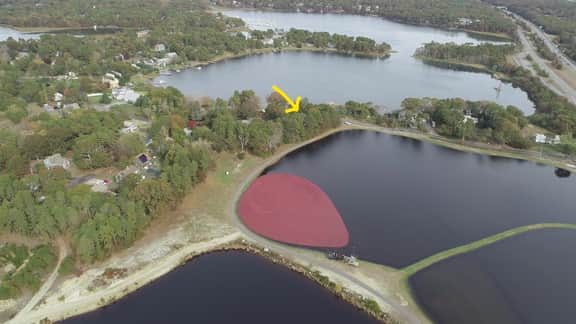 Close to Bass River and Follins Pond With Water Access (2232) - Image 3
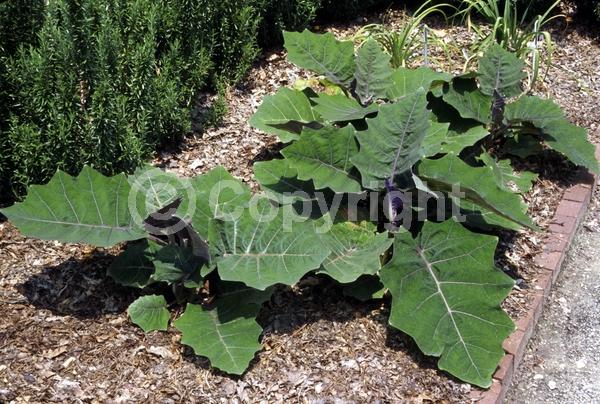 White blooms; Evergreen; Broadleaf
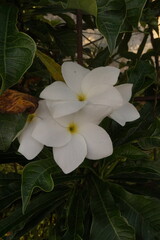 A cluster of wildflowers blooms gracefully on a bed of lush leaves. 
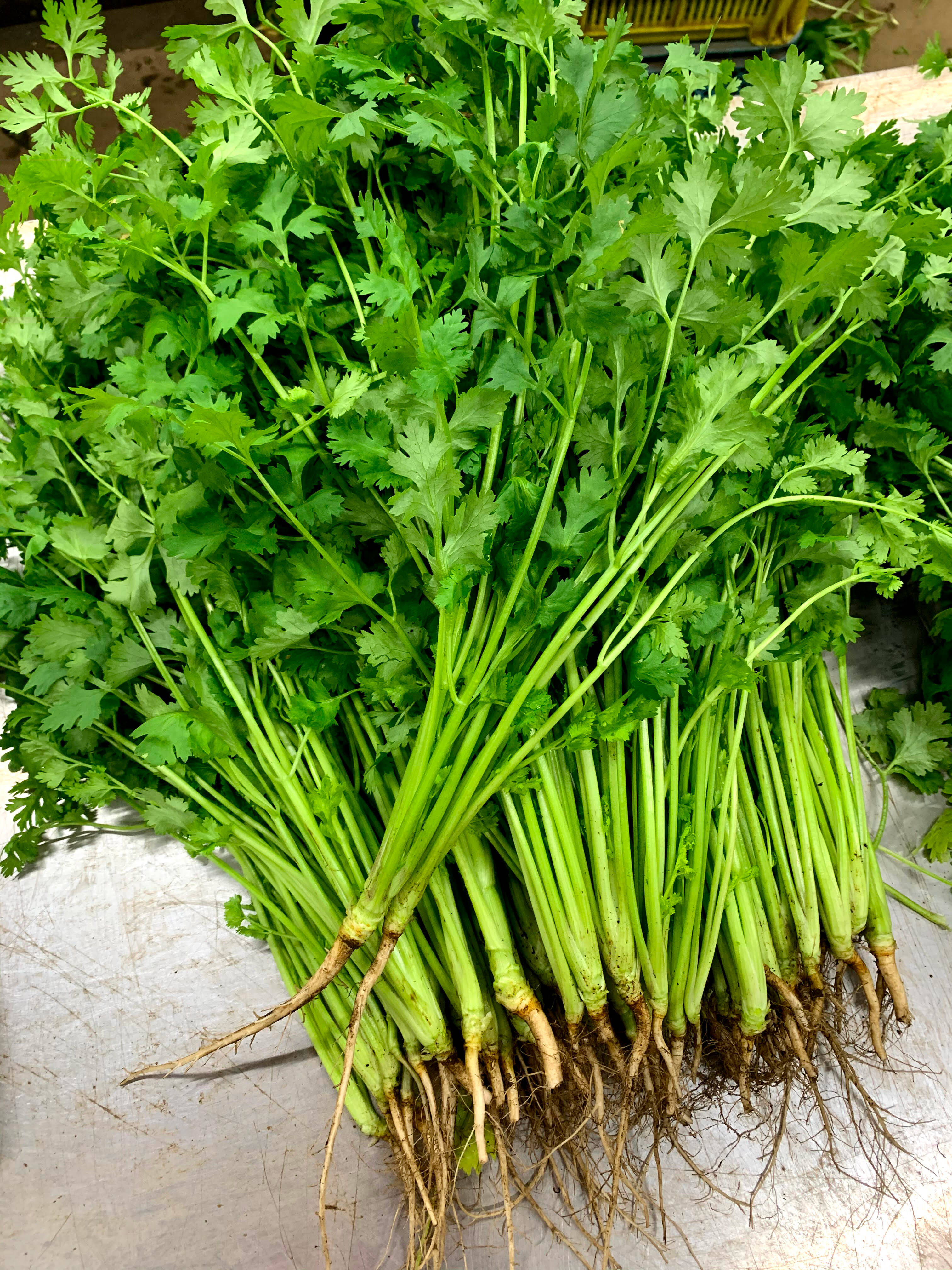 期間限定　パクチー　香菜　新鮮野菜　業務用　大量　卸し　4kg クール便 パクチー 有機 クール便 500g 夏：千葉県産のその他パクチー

--

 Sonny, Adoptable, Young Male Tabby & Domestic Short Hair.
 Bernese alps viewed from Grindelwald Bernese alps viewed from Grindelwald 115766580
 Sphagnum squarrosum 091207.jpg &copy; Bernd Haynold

Problem statement:
Everything from the line with "A cluster of" down to the line with "期間限定　パクチー　香菜　新鮮野菜　業務用　大量　卸し　4kg クール便 パクチー" in the data above should be copied exactly, with both end lines kept and the pictures left out.

Exercise result:
 A cluster of wildflowers blooms gracefully on a bed of lush leaves. 
 期間限定　パクチー　香菜　新鮮野菜　業務用　大量　卸し　4kg クール便 パクチー 有機 クール便 500g 夏：千葉県産のその他パクチー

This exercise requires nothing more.